Leave out every picture, and return exactly the lines from the line containing "Designer's Best 2BR, 2BA" through the end of the records below, both inclusive.
[[ INFORMATION PROVIDED open ]]
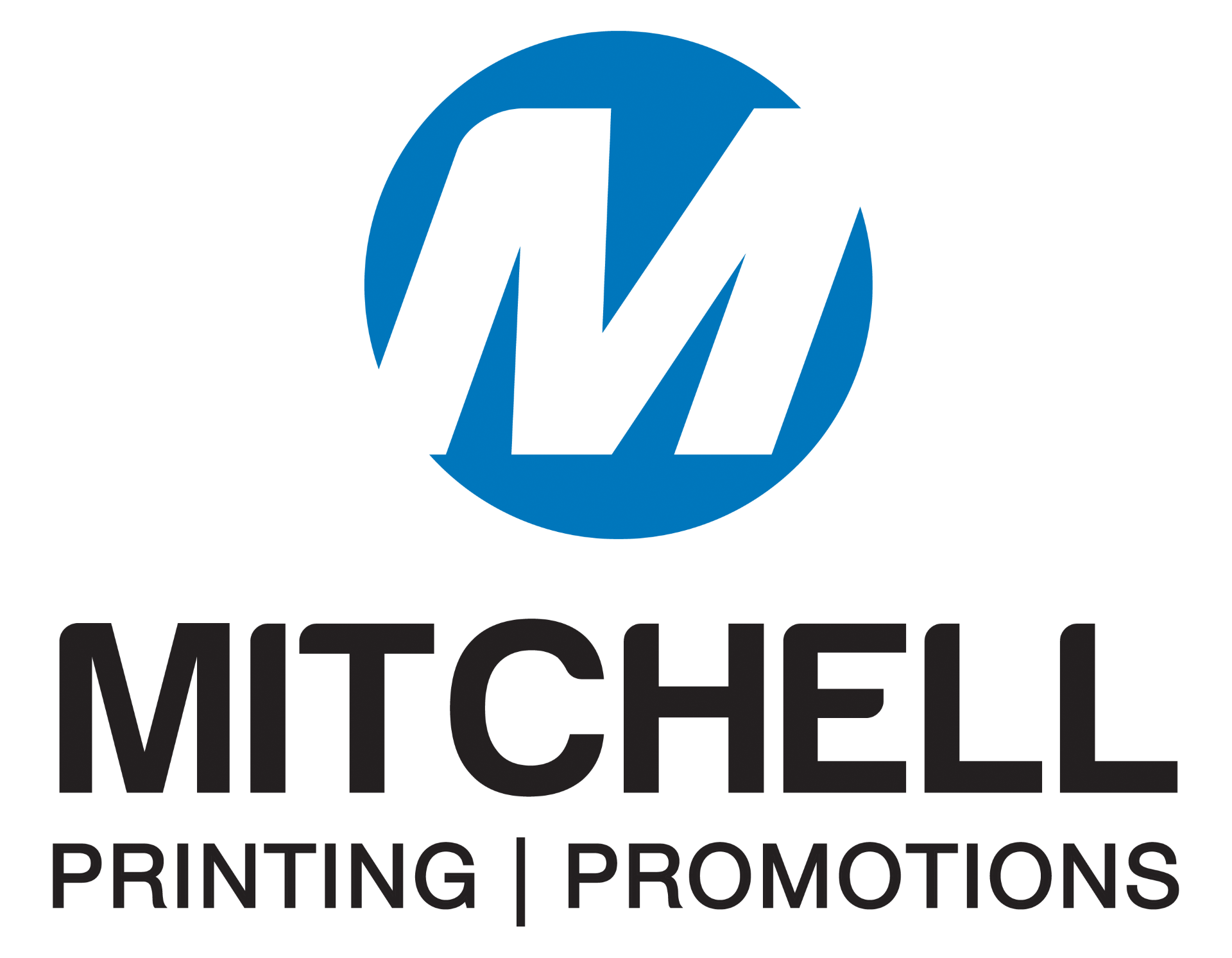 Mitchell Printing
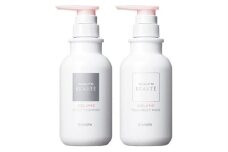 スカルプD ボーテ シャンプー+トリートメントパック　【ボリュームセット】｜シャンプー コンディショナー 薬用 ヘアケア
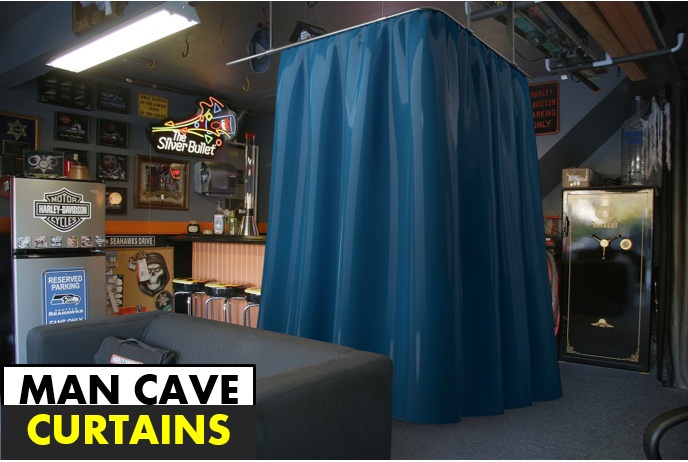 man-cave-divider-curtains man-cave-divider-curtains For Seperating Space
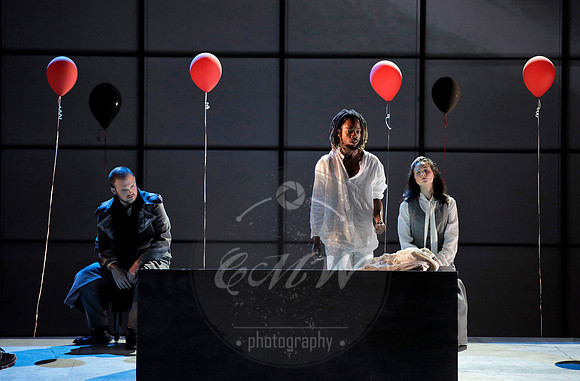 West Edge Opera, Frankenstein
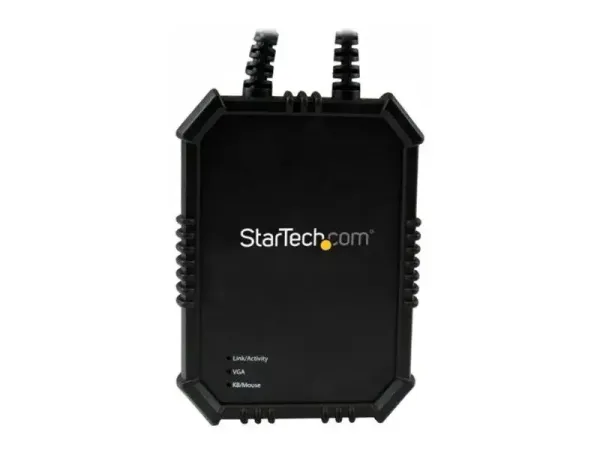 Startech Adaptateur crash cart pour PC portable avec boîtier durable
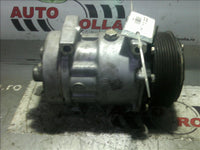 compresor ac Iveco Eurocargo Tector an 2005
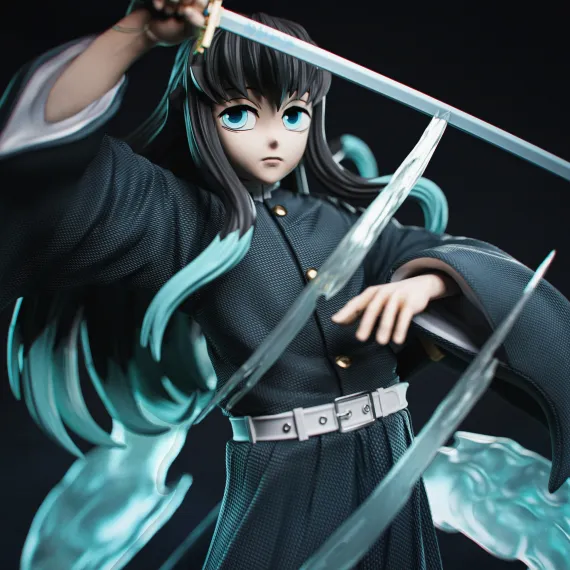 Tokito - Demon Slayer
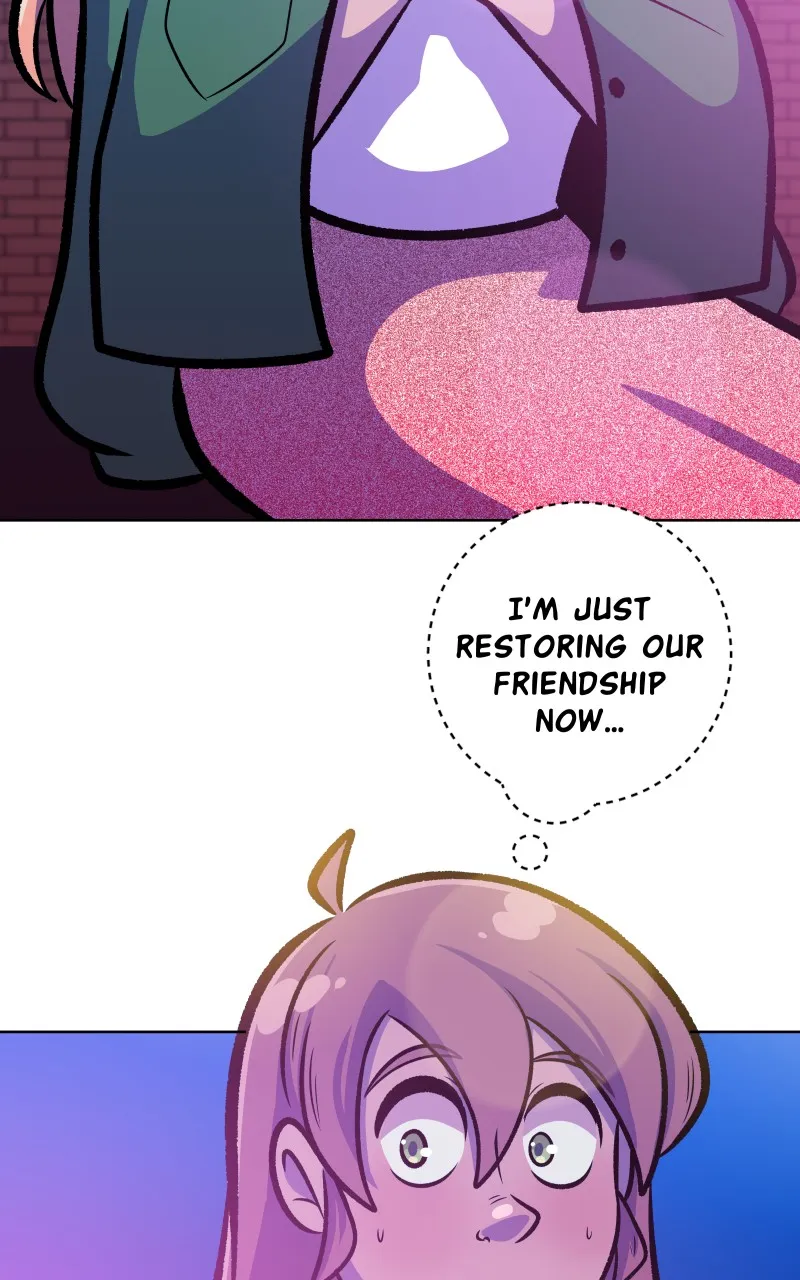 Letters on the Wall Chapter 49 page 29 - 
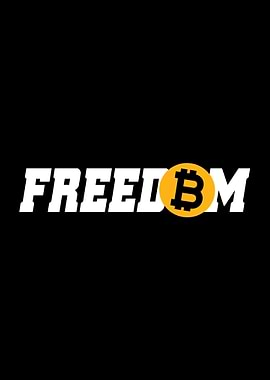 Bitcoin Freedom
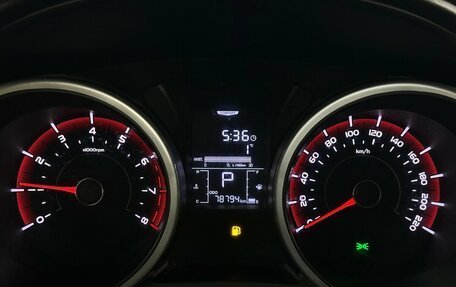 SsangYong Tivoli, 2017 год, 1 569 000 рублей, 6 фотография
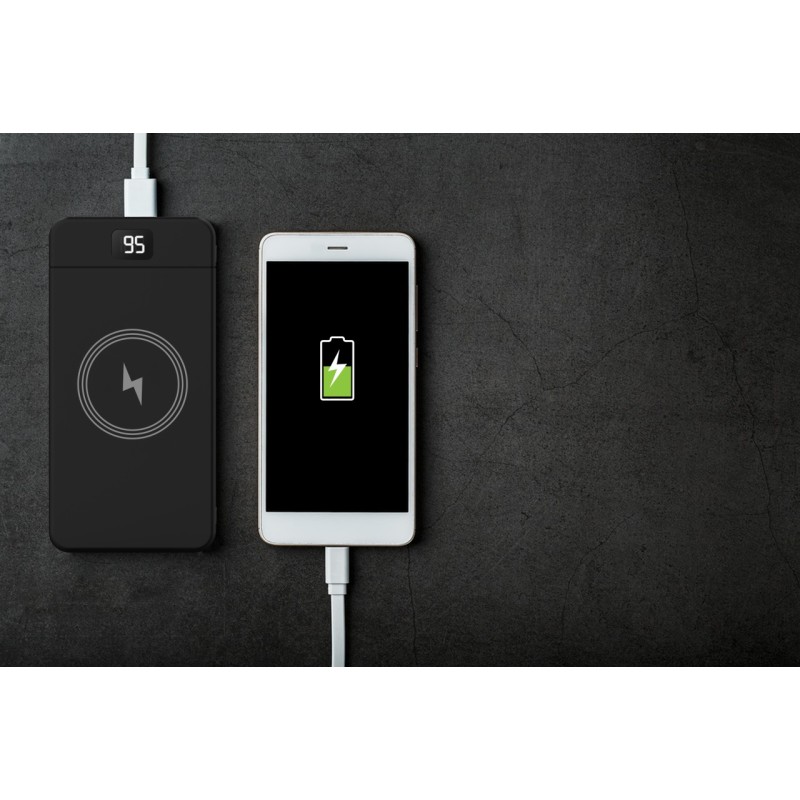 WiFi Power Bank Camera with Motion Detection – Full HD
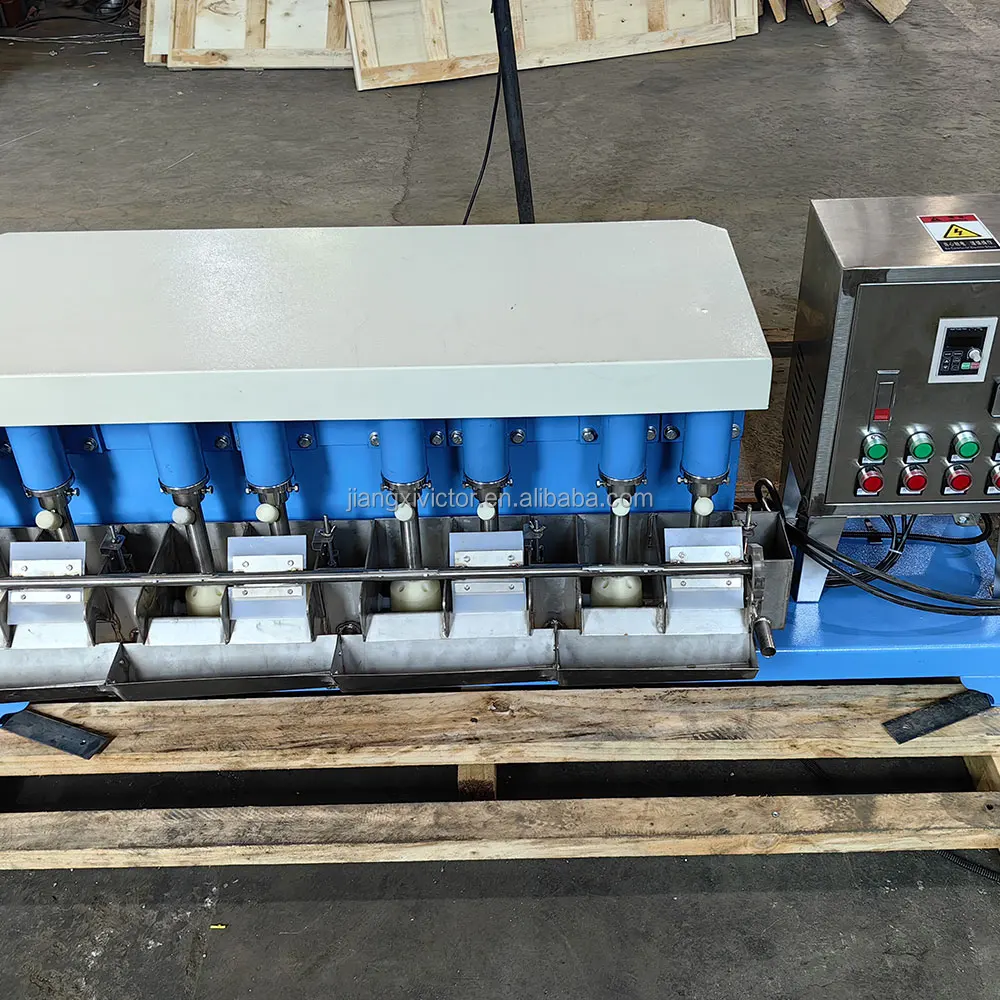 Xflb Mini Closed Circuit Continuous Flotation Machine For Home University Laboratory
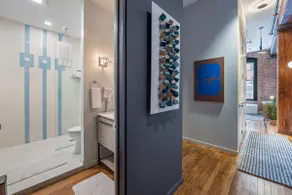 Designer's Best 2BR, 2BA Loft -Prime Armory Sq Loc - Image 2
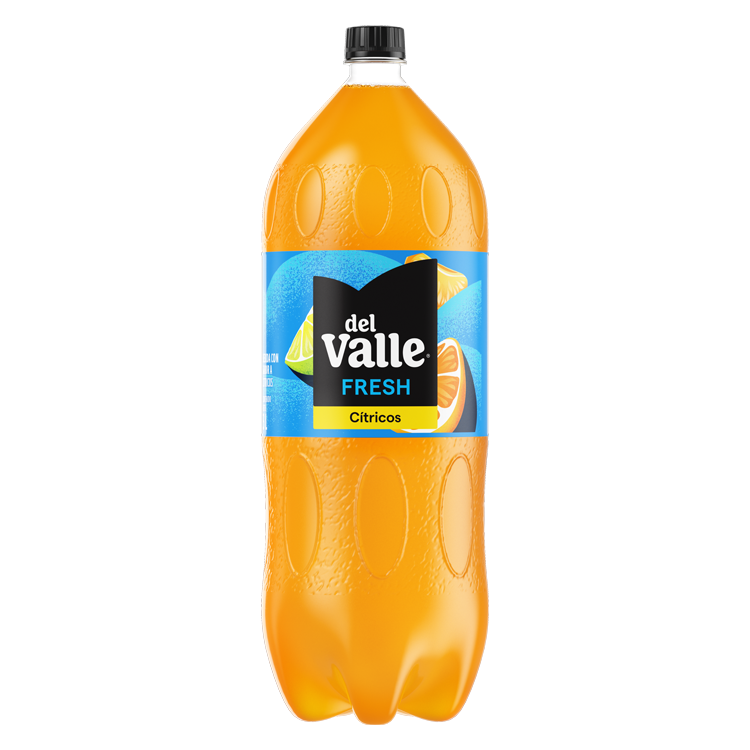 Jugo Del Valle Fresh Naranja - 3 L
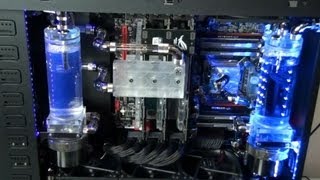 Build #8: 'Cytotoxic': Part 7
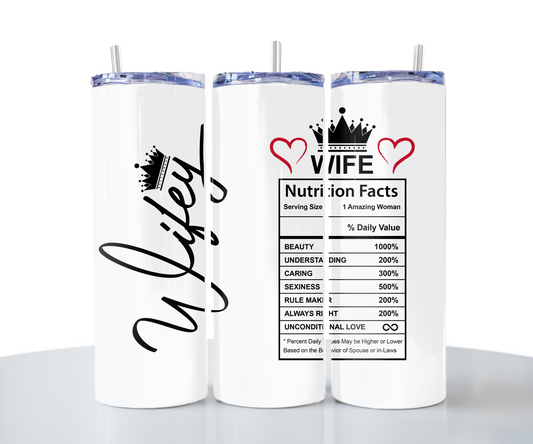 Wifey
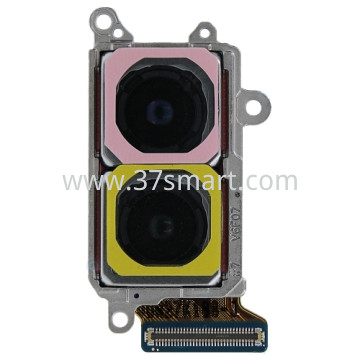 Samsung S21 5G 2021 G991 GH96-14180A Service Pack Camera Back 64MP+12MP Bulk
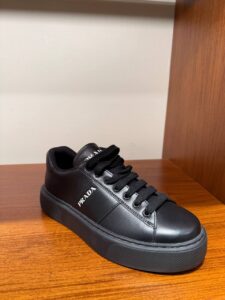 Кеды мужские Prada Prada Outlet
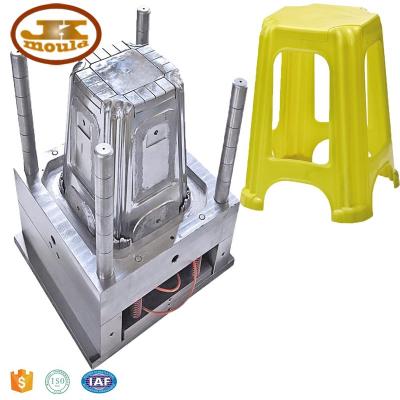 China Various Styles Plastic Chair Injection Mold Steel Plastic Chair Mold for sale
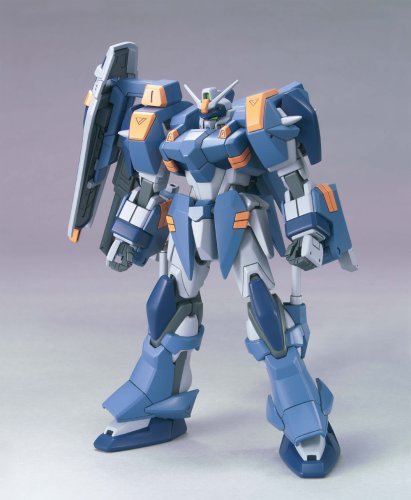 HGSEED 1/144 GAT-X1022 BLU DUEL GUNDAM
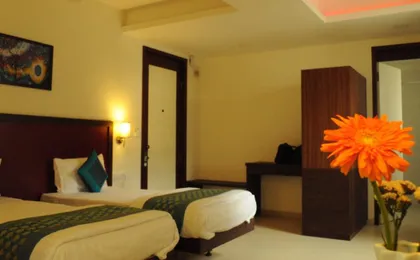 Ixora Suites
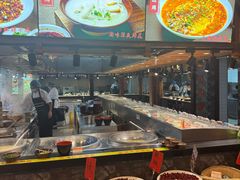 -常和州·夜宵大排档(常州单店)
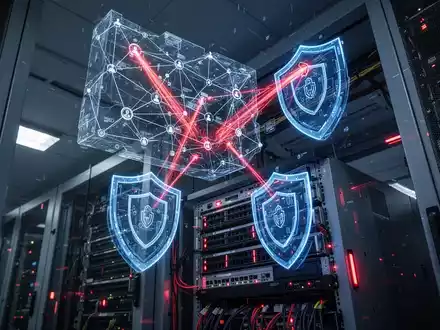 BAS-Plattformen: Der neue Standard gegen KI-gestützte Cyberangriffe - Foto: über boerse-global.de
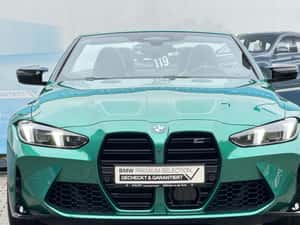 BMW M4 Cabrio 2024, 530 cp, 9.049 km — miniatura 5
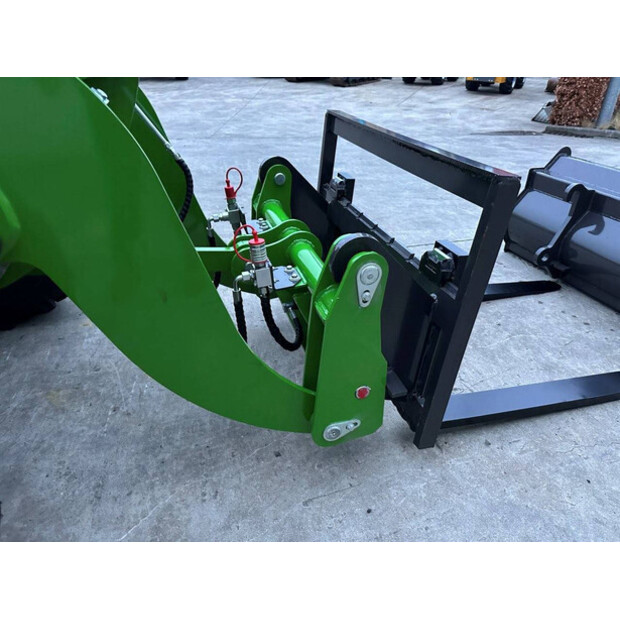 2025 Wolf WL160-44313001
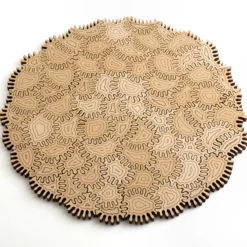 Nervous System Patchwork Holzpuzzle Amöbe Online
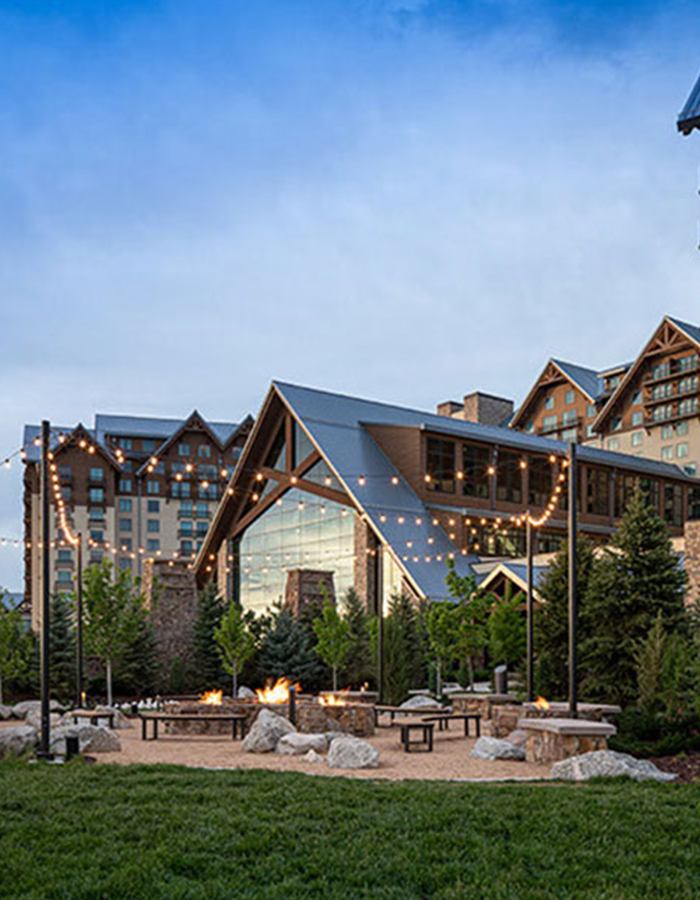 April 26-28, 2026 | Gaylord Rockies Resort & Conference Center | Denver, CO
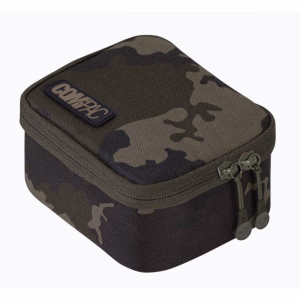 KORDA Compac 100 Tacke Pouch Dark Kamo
[[ INFORMATION PROVIDED closed ]]
EXPECTED ANSWER →
 Designer's Best 2BR, 2BA Loft -Prime Armory Sq Loc - Image 2
 Jugo Del Valle Fresh Naranja - 3 L
 Build #8: 'Cytotoxic': Part 7
 Wifey
 Samsung S21 5G 2021 G991 GH96-14180A Service Pack Camera Back 64MP+12MP Bulk
 Кеды мужские Prada Prada Outlet
 China Various Styles Plastic Chair Injection Mold Steel Plastic Chair Mold for sale
 HGSEED 1/144 GAT-X1022 BLU DUEL GUNDAM
 Ixora Suites
 -常和州·夜宵大排档(常州单店)
 BAS-Plattformen: Der neue Standard gegen KI-gestützte Cyberangriffe - Foto: über boerse-global.de
 BMW M4 Cabrio 2024, 530 cp, 9.049 km — miniatura 5
 2025 Wolf WL160-44313001
 Nervous System Patchwork Holzpuzzle Amöbe Online
 April 26-28, 2026 | Gaylord Rockies Resort & Conference Center | Denver, CO
 KORDA Compac 100 Tacke Pouch Dark Kamo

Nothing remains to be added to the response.